(Task data Opens)

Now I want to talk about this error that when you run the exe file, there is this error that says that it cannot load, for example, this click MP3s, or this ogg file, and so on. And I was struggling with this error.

(Task data Closes)
(Task data Opens)

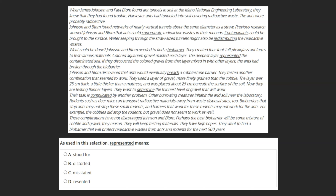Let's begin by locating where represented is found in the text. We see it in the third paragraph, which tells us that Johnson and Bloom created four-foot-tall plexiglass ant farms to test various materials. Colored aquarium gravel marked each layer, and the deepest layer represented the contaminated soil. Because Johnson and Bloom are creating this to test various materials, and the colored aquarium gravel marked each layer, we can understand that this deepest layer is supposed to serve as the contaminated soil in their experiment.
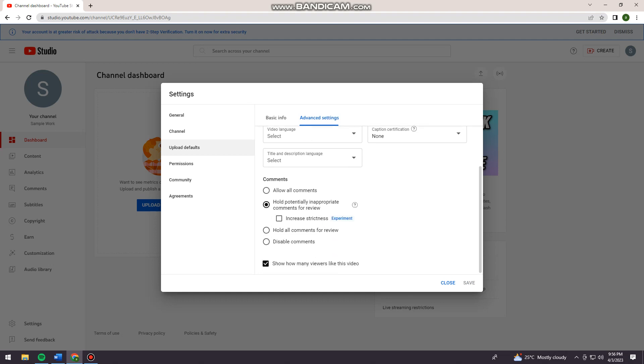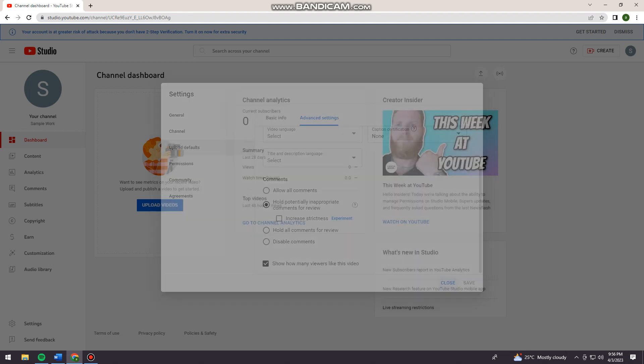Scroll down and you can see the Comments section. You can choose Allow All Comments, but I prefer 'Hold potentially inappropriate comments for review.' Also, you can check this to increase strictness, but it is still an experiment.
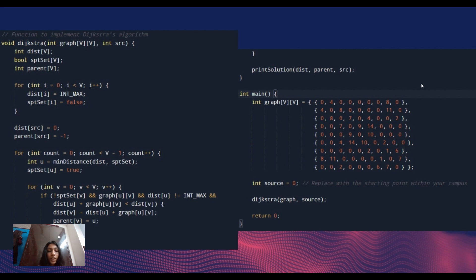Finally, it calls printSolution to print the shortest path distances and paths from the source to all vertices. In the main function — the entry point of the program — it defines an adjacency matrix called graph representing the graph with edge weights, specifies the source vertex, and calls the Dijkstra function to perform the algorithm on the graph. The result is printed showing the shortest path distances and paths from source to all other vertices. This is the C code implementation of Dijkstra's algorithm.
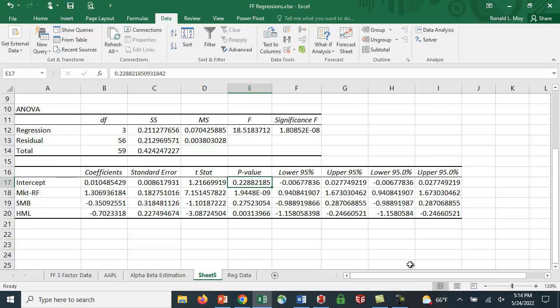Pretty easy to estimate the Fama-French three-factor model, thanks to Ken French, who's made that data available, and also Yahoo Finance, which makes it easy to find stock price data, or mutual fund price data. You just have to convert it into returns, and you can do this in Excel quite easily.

(Task data Closes)

▶ _Exercise details_:
In the listing above, find the line with "Let's begin by" and the line with "Pretty easy to". Copy exactly those two and every line between, without the pictures.

▶ _Output for this exercise_:
Let's begin by locating where represented is found in the text. We see it in the third paragraph, which tells us that Johnson and Bloom created four-foot-tall plexiglass ant farms to test various materials. Colored aquarium gravel marked each layer, and the deepest layer represented the contaminated soil. Because Johnson and Bloom are creating this to test various materials, and the colored aquarium gravel marked each layer, we can understand that this deepest layer is supposed to serve as the contaminated soil in their experiment.
Scroll down and you can see the Comments section. You can choose Allow All Comments, but I prefer 'Hold potentially inappropriate comments for review.' Also, you can check this to increase strictness, but it is still an experiment.
Finally, it calls printSolution to print the shortest path distances and paths from the source to all vertices. In the main function — the entry point of the program — it defines an adjacency matrix called graph representing the graph with edge weights, specifies the source vertex, and calls the Dijkstra function to perform the algorithm on the graph. The result is printed showing the shortest path distances and paths from source to all other vertices. This is the C code implementation of Dijkstra's algorithm.
Pretty easy to estimate the Fama-French three-factor model, thanks to Ken French, who's made that data available, and also Yahoo Finance, which makes it easy to find stock price data, or mutual fund price data. You just have to convert it into returns, and you can do this in Excel quite easily.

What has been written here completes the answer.